A Rust DataFrame implementation, built on Apache Arrow

Overview

Rust DataFrame

A dataframe implementation in Rust, powered by Apache Arrow.

What is a dataframe?

A dataframe is a 2-dimensional tabular data structure that is often used for computations and other data transformations. A dataframe often has columns of the same data type, similar to a SQL table.

Functionality

This project is inspired by Pandas and other dataframe libraries, but specifically currently borrows functions from Apache Spark.

It mainly focuses on computation, and aims to include:

  • Scalar functions
  • Aggregate function
  • Window functions
  • Array functions

As a point of reference, we use Apache Spark Python functions for function parity, and aim to be compatible with Apache Spark functions.

Eager vs Lazy Evaluation

The initial experiments of this project were to see if it's possible to create some form of dataframe. We're happy that this condition is met, however the initial version relied on eager evaluation, which would make it difficult to use in a REPL fashion, and make it slow.

We are mainly focusing on creating a process for lazy evaluation (the current LazyFrame), which involves reading an input's schema, then applying transformations on that schema until a materialising action is required. While still figuring this out, there might not be much progress on the surface, as most of this exercise is happening offline.

The plan is to provide a reasonable API for lazily transforming data, and the ability to apply some optimisations on the computation graph (e.g. predicate pushdown, rearranging computations).

In the future, LazyFrame will probably be renamed to DataFrame, and the current DataFrame with eager evaluation removed/made private.

The ongoing experiments on lazy evaluation are in the master branch, and we would appreciate some help 🙏🏾.

Non-Goals

Although we use Apache Spark as a reference, we do not intend on supporting distributed computation beyond a single machine.
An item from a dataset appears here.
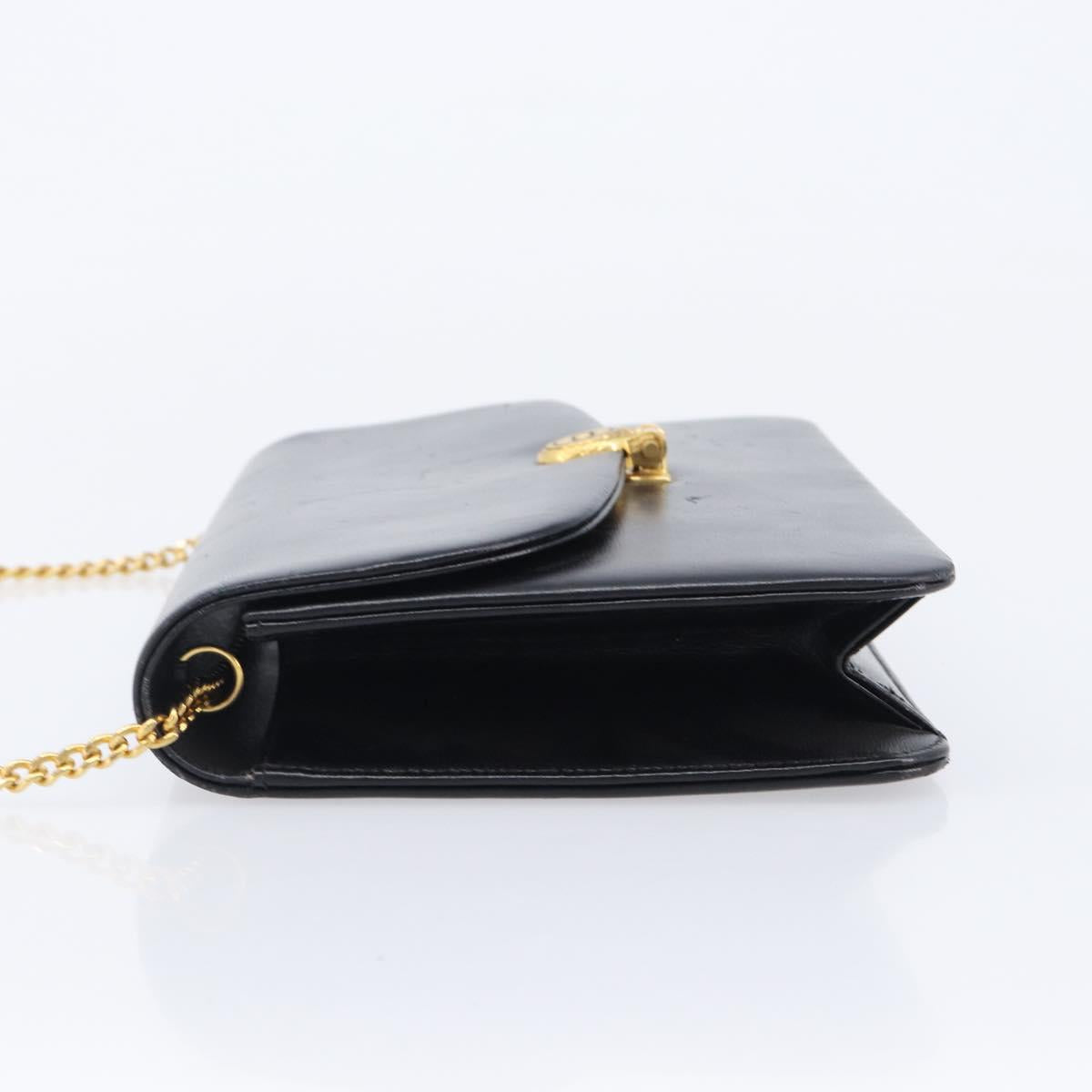 Christian Dior Chain Shoulder Bag Leather Black Gold Auth ep15864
Spark is a convenience to reduce bikeshedding, but we will probably provide a more Rust idiomatic API in future.

Status

A low-level API can already be used for simple tasks that do not require aggregations, joins or sorts. A simpler API is currently not a priority until we have more capabilities to transform data.

One good potential immediate use of the library would be copying data from one supported data source to another (e.g. PostgreSQL to Arrow or CSV with minimal transformations).

Roadmap

  • Lazy evaluation (H1 2020)
    • Aggregations
    • Joins
    • Sorting
  • Adding compute fns (H1 2020)
  • Bindings to other languages (H2 2020)

IO

We are working on IO support, with priority for SQL read and write. PostgreSQL IO is supported using the binary protocol, although not all data types are supported (lists, structs, numeric, and a few other non-primitive types)

  • IO Support
    • CSV
      • Read
      • Write
    • JSON
      • Read
      • Write
    • Arrow IPC
      • Read File
      • Write FIle
    • Parquet
      • Read File
      • Write File
    • SQL (part of an effort to create generic DB traits)
      • PostgreSQL (Primitive and temporal types supported, PRs welcome for other types)
        • Read
        • Write
      • MSSQL (using tiberius)
        • Read
        • Write
      • MySQL
        • Read
        • Write

Functionality

  • DataFrame Operations

    • Select single column
    • Select subset of columns, drop columns
    • Add or remove columns
    • Rename columns
    • Create dataframe from record batches (a Vec<RecordBatch> as well as an iterator)
    • Sort dataframes
    • Grouped operations
    • Filter dataframes
    • Join dataframes
  • Scalar Functions

    • Trig functions (sin, cos, tan, asin, asinh, ...) (using the num crate where possible)
    • Basic arithmetic (add, mul, divide, subtract) Implemented from Arrow
    • Date/Time functions
    • String functions
      • [-] Basic string manipulation
      • Regular expressions (leveraging regex)
      • Casting to and from strings (using Arrow compute's cast kernel)
    • Crypto/hash functions (md5, crc32, sha{x}, ...)
    • Other functions (that we haven't classified)
  • Aggregate Functions

    • Sum, max, min
    • Count
    • Statistical aggregations (mean, mode, median, stddev, ...)
  • Window Functions

    • Lead, lag
    • Rank, percent rank
    • Other
  • Array Functions

    • Compatibility with Spark 2.4 functions
    • Compatibility with Spark 3.0 functions

Performance

We plan on providing simple benchmarks in the near future. The current blockers are:

  • IO
    • Text format (CSV)
    • Binary format (Arrow IPC)
    • SQL
  • [-] Lazy operations
  • Aggregation
  • Joins
Comments
  • Fix/gh failing build

    Fix/gh failing build

    Hi @nevi-me , I noticed the GH action was failing to build so I added the component for rustfmt. I then noticed tests failing and #29 so here is the start of integrating Postgres into GH. It is still failing with relation \"arrow_data\" does not exist" though but I figured you would know more about how you want to run setup for these tests.

    opened by jbpratt 11
  • partitioned parquet dataset as data source

    partitioned parquet dataset as data source

    I am interested in working on adding support for loading a partitioned parquet dataset (multiple files) as datasource in a read transformation.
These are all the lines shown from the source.